Upcoming presentations in the speaker series include:
√ “The Power of Voting: Why YOU Should Vote”: Join at 7 p.m. Feb. 1. The press release stated, “ ‘Illuminating Voices’ is our theme for this year’s Black History Month. Please welcome the Heritage Center’s very own Jasiah Jackson in ‘The Power of Voting: Why YOU Should Vote.’ A presentation on the importance of voting and how it affects a community. It will also touch on the history of voting, voter suppression and how that can be an attack on BIPOC communities.” (Location: Atrium; 825 Depot Ave. W., Niagara Falls. Event link: here.)
√ “Continuity of Care in the 21st Century”: This is “an interactive presentation focusing on building consistent relationships between our learning institutions and families, and the importance of using culturally relevant teaching practices to meet the needs of children where they are. It takes place at 7 p.m. Feb. 8. (Location: Atrium; 825 Depot Ave. W., Niagara Falls. Event link: here.)
√ “Stories of Our Resilience”: The press release stated, “In this conversation, professor Ponzo will discuss information associated with the lives of those who have shaped not only the history of the African diaspora, but have impacted the world. Drawing on the theme of ‘We Are Still Here,’ he will be focusing on the transformative events that shaped the lives of well-known members of the diaspora here in America, and how they overcame and left a legacy that we still celebrate today.” This event is set for 7 p.m. Feb. 15. It is a hybrid activity, with tickets at $8 for singles, $12 for couples or $25 for families. (Location: Atrium. Event link: here.)
√ “Restore, Reclaim, and Reform Black Midwifery Virtual Presentation”: At 7 p.m. Feb. 22, join in for “this empowering Black History Month virtual presentation, ‘Restore, Reclaim, and Reform Black Midwifery,’ by The Counseling Midwife Barbara Verneus.

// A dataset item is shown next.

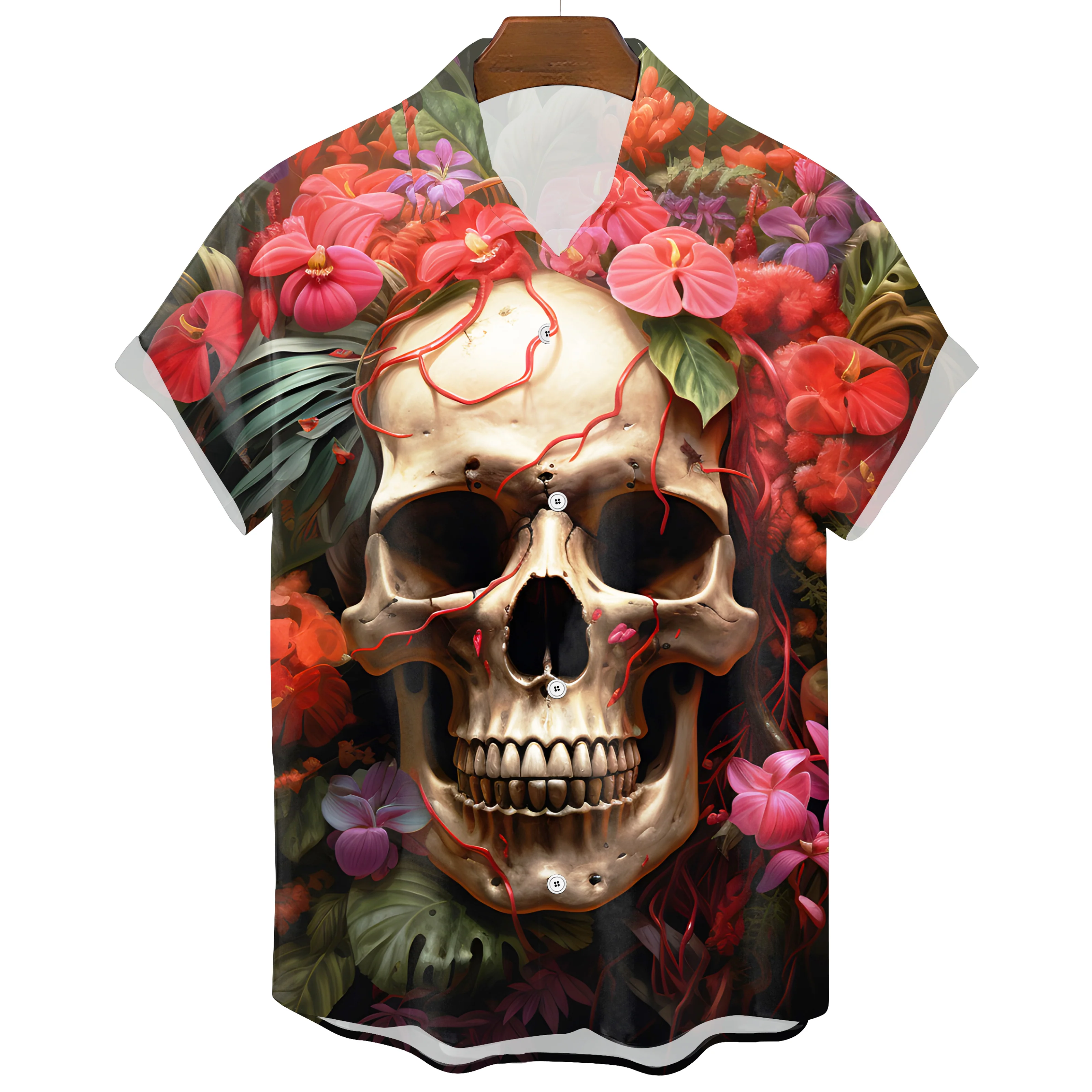 Hawaiian Skull T-Shirt - Image 4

“Did you know there are only 2% Black certified professional midwives and 6% Black certified nurse midwives? Did you know out of the 384 birth centers in the United States, that only about 12 are Black-owned? When we speak of the maternal mortality rate, it refers to deaths due to complications from pregnancy or childbirth, and most of those deaths are happening to Black mothers versus their white counterparts (at four times the rate). So, what are some solutions?
“In ‘Restore, Reclaim, and Reform Black Midwifery,’ Barbara Verneus will share some realistic ways we can participate in further protecting one of the oldest professions/vocations on the planet.”
The presenter will be on Zoom-hybrid event. Tickets are $8 for singles, $12 for couples or $25 for families. Location: Atrium. Event link: here.)
About the Niagara Falls Underground Railroad Heritage Center
The mission of the Niagara Falls Underground Railroad Heritage Center is to reveal authentic stories of Underground Railroad freedom-seekers and abolitionists in Niagara Falls; to inspire visitors to recognize modern injustices that stem from slavery; and to take action toward an equitable society. The Heritage Center is an experiential museum operating every Thursday through Sunday during the winter season. It offers self-guided tours, facilitated guided tours, school field trips, and numerous public programs throughout the year.